There are compelling opportunities in our businesses to build wind farms, convert cinemas to digital or 3D, acquire aircraft and buy song publishing catalogues. However, as mentioned, bank financing has dried up or become prohibitively expensive and we do not believe that exiting our businesses and selling them to other private equity firms is in the interests of our investors. Furthermore, where bank financing is still available, we are being careful in calling on it. This is because we believe that conditions could deteriorate further and there is substantial risk that companies will be unable to rollover or refinance their debt facilities in the next few years if they push their borrowing levels to the limit.
The alternative is to consider putting additional equity into our businesses. Clearly, this is not an easy or automatic decision. We have had to re-examine the business plans for each of our portfolio companies to see if investments at the margin are still justified, given the higher cost of new equity compared with high yield debt. If a company’s investment plans do not add value for our investors, it is pointless to provide further equity. In most instances, however, whilst the capital markets have changed dramatically, the business case has remained the same or indeed improved.
Therefore, in looking to build our portfolio companies over the next few years, the appropriate course is often going to be to seek co-investment. Our LPs, of course, have come to expect us to present them with co-investment opportunities, but this time the co-investment will be slightly different.

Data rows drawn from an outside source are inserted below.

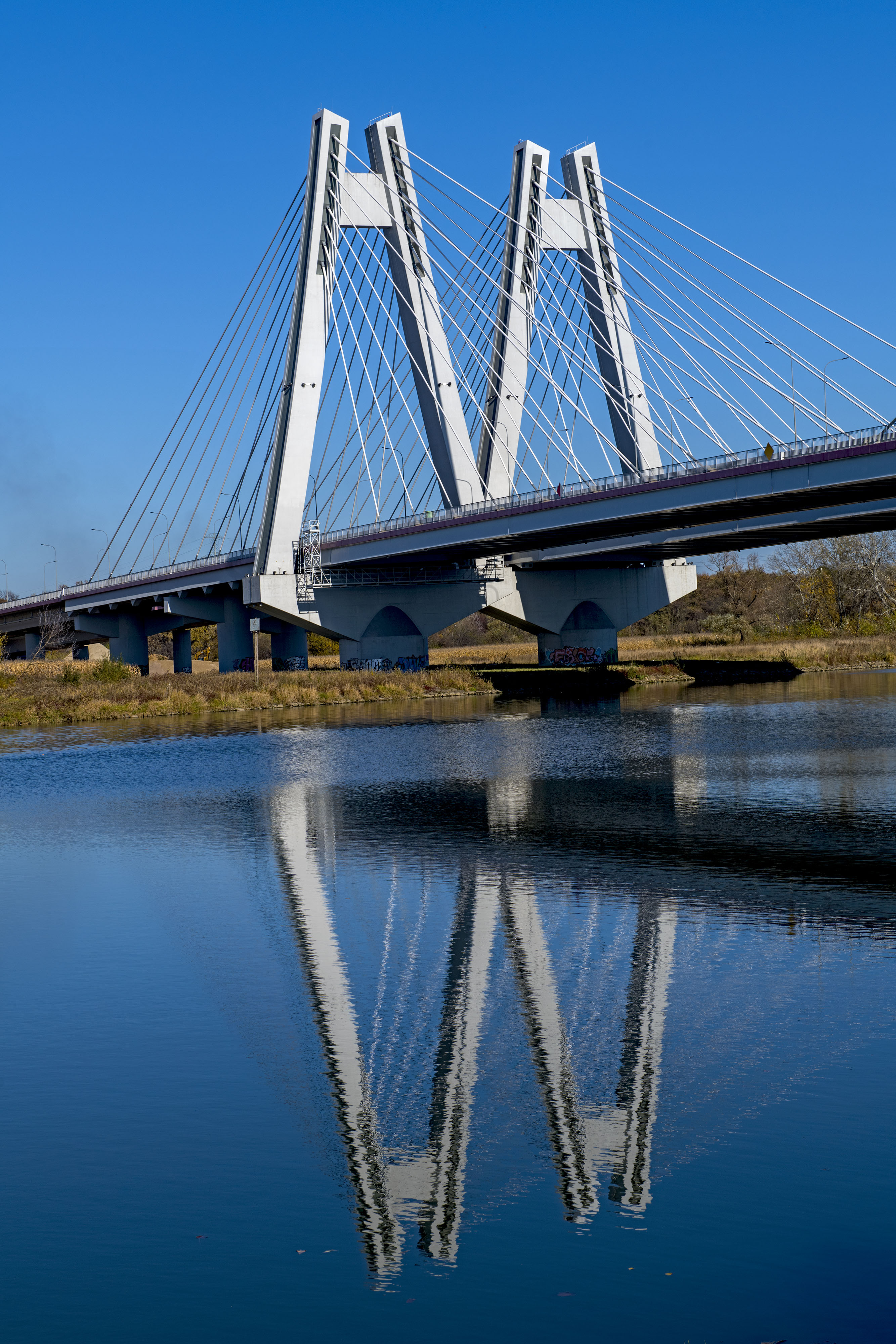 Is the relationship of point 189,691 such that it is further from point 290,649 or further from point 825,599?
point 825,599

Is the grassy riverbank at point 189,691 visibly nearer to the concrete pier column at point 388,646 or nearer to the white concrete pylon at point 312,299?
the concrete pier column at point 388,646

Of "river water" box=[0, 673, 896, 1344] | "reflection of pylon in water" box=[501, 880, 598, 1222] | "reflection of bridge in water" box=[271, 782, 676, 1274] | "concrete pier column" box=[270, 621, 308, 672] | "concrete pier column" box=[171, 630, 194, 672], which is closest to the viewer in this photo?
"river water" box=[0, 673, 896, 1344]

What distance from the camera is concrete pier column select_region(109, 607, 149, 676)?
88.4 meters

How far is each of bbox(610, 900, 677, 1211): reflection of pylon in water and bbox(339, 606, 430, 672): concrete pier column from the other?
179 feet

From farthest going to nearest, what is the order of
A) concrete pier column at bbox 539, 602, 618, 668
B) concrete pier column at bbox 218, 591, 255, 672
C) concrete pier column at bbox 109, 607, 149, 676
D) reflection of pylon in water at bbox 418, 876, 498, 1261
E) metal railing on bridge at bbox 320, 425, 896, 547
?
concrete pier column at bbox 109, 607, 149, 676 → concrete pier column at bbox 218, 591, 255, 672 → concrete pier column at bbox 539, 602, 618, 668 → metal railing on bridge at bbox 320, 425, 896, 547 → reflection of pylon in water at bbox 418, 876, 498, 1261

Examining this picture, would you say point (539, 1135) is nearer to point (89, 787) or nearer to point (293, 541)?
point (89, 787)

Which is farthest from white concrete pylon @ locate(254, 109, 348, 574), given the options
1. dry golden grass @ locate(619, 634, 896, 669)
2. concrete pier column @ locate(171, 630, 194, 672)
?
concrete pier column @ locate(171, 630, 194, 672)

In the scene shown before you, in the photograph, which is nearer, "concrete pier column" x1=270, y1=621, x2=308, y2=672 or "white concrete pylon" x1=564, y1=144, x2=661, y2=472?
"white concrete pylon" x1=564, y1=144, x2=661, y2=472

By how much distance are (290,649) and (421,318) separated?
2312cm

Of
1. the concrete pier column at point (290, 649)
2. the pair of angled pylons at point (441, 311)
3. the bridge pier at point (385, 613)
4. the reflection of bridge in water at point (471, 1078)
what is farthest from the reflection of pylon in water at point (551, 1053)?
the concrete pier column at point (290, 649)

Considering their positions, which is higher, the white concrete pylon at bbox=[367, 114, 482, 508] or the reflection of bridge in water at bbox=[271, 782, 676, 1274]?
the white concrete pylon at bbox=[367, 114, 482, 508]

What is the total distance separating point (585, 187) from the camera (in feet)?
200

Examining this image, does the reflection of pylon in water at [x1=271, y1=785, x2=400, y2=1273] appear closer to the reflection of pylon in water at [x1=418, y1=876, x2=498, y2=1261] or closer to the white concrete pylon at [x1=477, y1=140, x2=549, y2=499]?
the reflection of pylon in water at [x1=418, y1=876, x2=498, y2=1261]

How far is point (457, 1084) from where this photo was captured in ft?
28.5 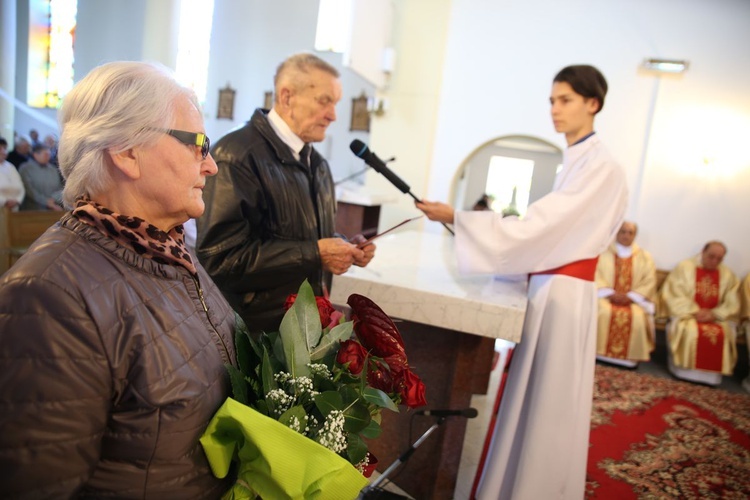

Traditional co-investment has either allowed us to reduce the size of our position in a portfolio business in a fund at the time of purchase (our objective is a 10–15 per cent long-term holding) or helped to finance a major acquisition. The dramatic change in the capital markets and the outlook for the credit markets necessitates a different approach to co-investment. Rather than seeking to draw down all or substantially all of the co-investment capital at once, as with an acquisition, we expect that many of our opportunities will necessitate drawing down equity over time, more like a bank capex line. Thus, we will seek to raise a certain quantum of committed co-investment equity with the expectation that it will be drawn down over time to execute against the business plan of a portfolio company.
While the prospects for the capital markets and the economy are uncertain, we think there are still at least two certainties. First, we think there are ample opportunities to build our portfolio businesses and thereby add value for our investors even in a shaky economic environment. Second, we can expect to retain our businesses for a considerable period, with no exits expected until 2012. These certainties mean that we will be able to offer attractive co-investment opportunities which we will of course, share first with our existing investors.
As careful students of the capital markets, we continually evaluate our cost of capital and if we find that less expensive capital becomes available, we will seek it. However, we think that is most unlikely for some time. Thus, the sensible course at this point is to seek co-investment equity which will not only add value for existing investors, but will also provide attractive returns for co-investors. Please contact me if providing this type of co-investment equity interests you.
On a totally different subject, I am pleased that so many of you were able to attend our annual conference in London or join us during our recent roadshow. As I have said before, in today’s environment one of the most important things Terra Firma can do is be open and honest with our investors and I hope you found the conferences were just that – open and honest. Going forward, I hope you will take advantage of our quarterly conference calls which will start in September and will allow us to communicate yet more closely with you on a timely basis and ensure that we keep you fully apprised of developments at Terra Firma and our portfolio companies.